名前はにこにこと笑っていた。見れば、俺と比べて名前の食べる速度は遅い。
「仕事の同僚に誘われて、断りきれずに食べて来たんだ。もちろん控えめに食べたんだけど、一時間もすれば空腹も大体なくなってしまう。だから本来、私は君と一緒に食事をとる必要はないわけだ」
「だったら、何で・・・」
名前が再び箸を握る。
「君と食べたい。私が作った料理を美味しい美味しいと食べてくれる君が見れるなら、私は二度目の夕食だって喜んで食べるさ。ほら、食べる理由って生きる為だけじゃないだろう?」
大きな口で白米を一口。つられて俺も、止めていた箸を動かした。
満腹なのをごまかすように勢いよく残りのおかずを掻きこんでいく名前に「・・・太るぞ」と小さく声を掛ければ、名前は笑った。

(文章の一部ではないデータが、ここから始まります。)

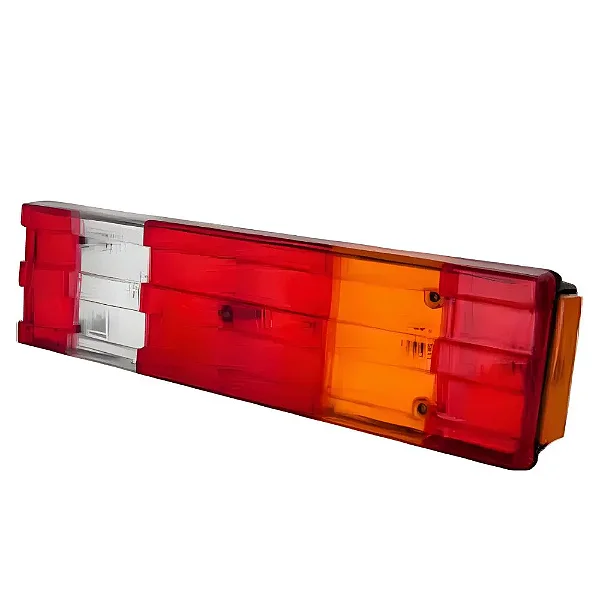 LANTERNA TRASEIRA ESQUERDA COM VIGIA E COM CONECTOR (0015406270 / 002096)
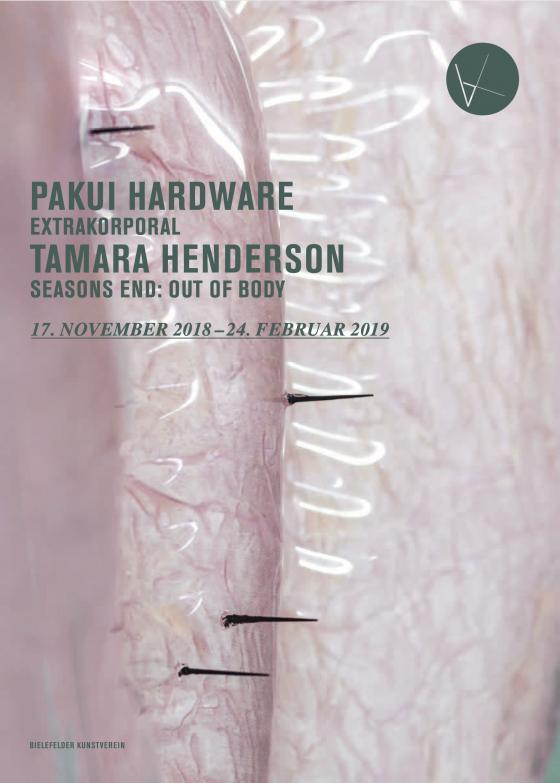 Cover-Bild Pakui Hardware. Extrakorporal /Tamara Henderson. Seasons End: Out of Body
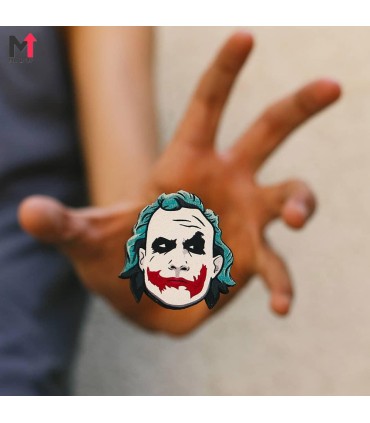 پین چوبی جوکر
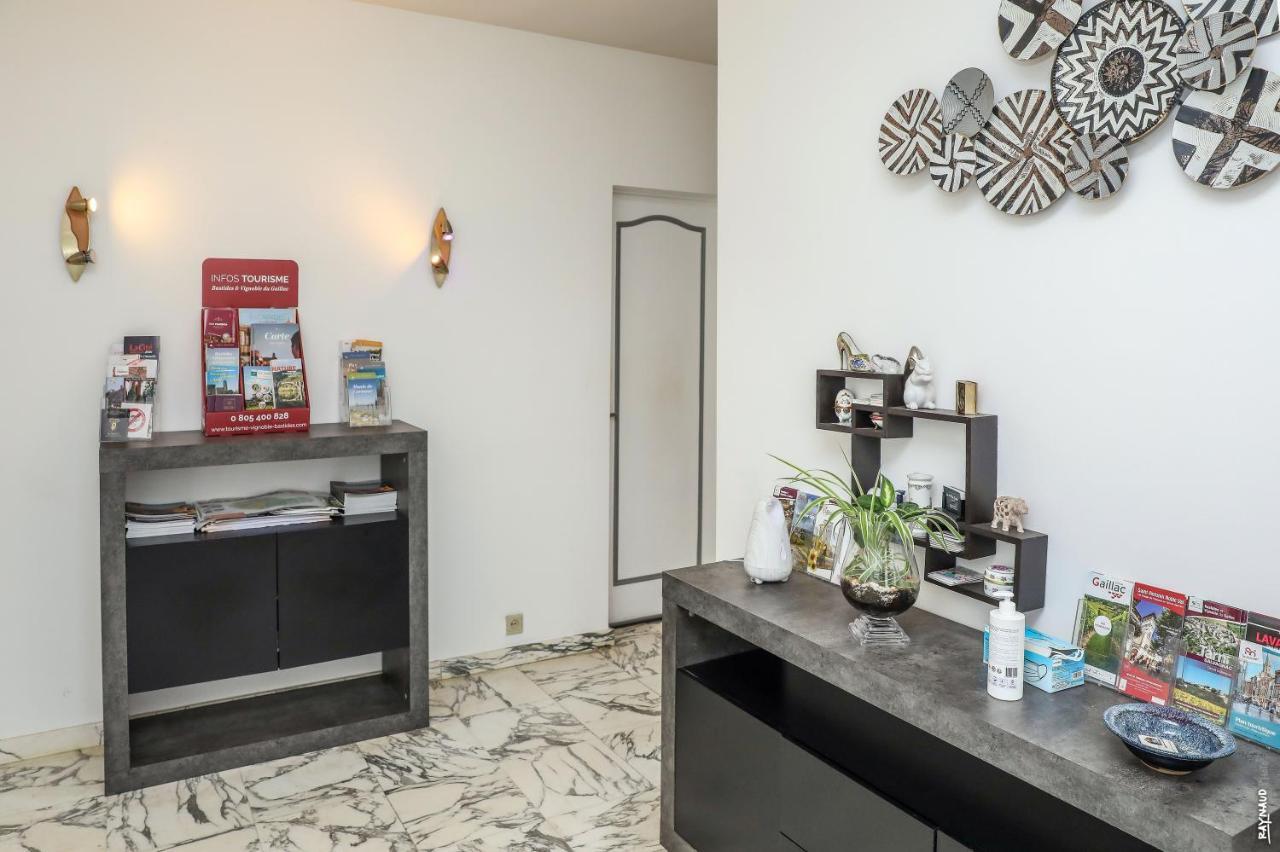 Le Nid De L'Ecureuil Bed & Breakfast Brens  Екстериор снимка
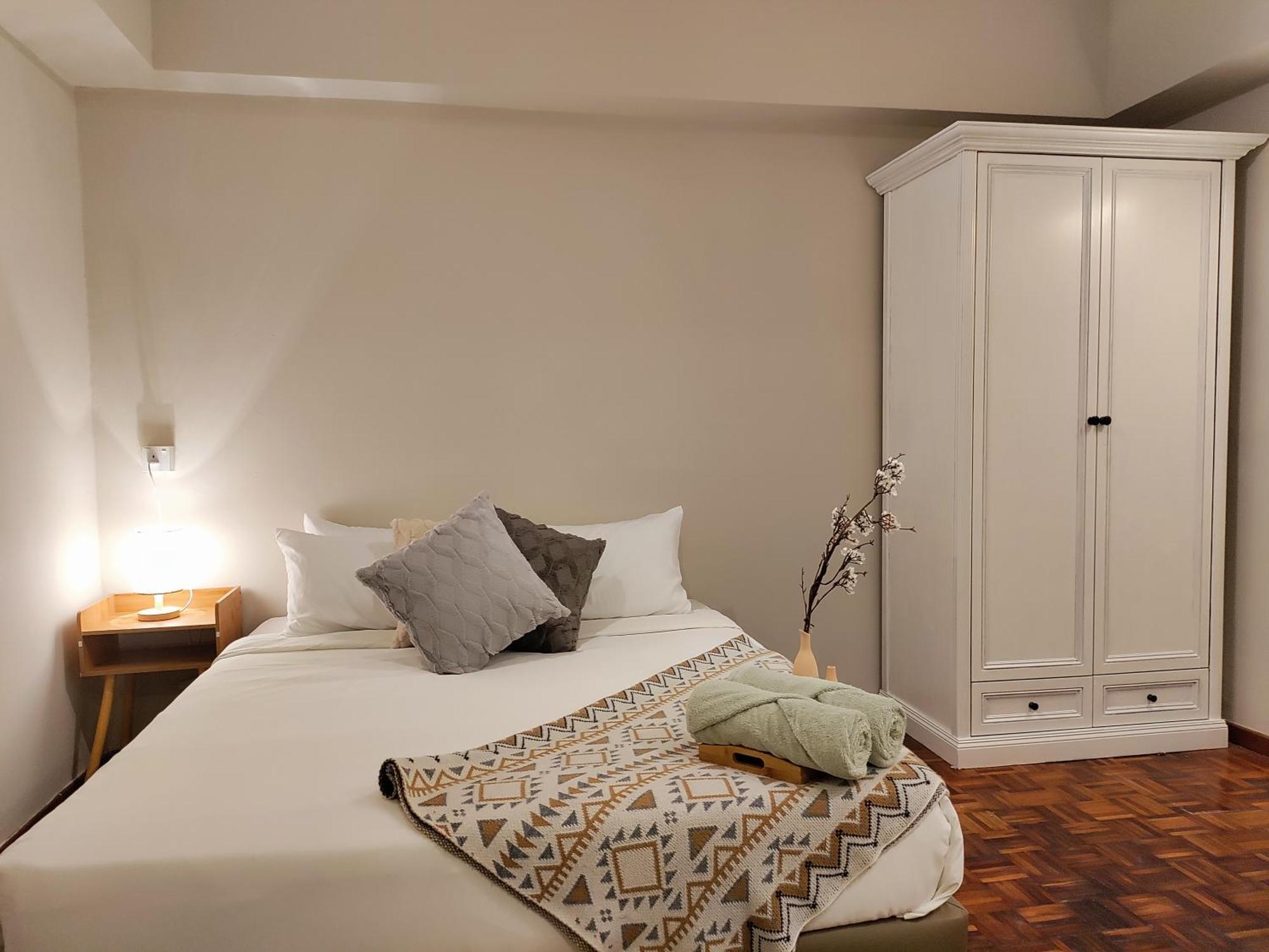 Star Regency By Plush Brinchang Buitenkant foto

「はははっ、まぁその時は頑張って鍛えるよ。良ければ現役ヒーローの君がコーチしてくれると有難いんだけどなぁ」
「・・・俺がコーチしたら、お前死ぬかもな」
俺の目の前の皿から、一番最初に白米が消えた。おかずはまだ残っているし、まだ満腹じゃない。
名前は俺の皿と俺の顔を見比べ、それからやっぱり笑った。掻きこんだせいで口の周りが汚れてて、お世辞にも綺麗な笑顔じゃなかったけど。
「お手柔らかに頼むよ」
口の周りを汚したまま「おかわりいる?」と微笑む名前に、俺は思わず頷いた。
名前の作る食事は、ついついおかわりしてしまう。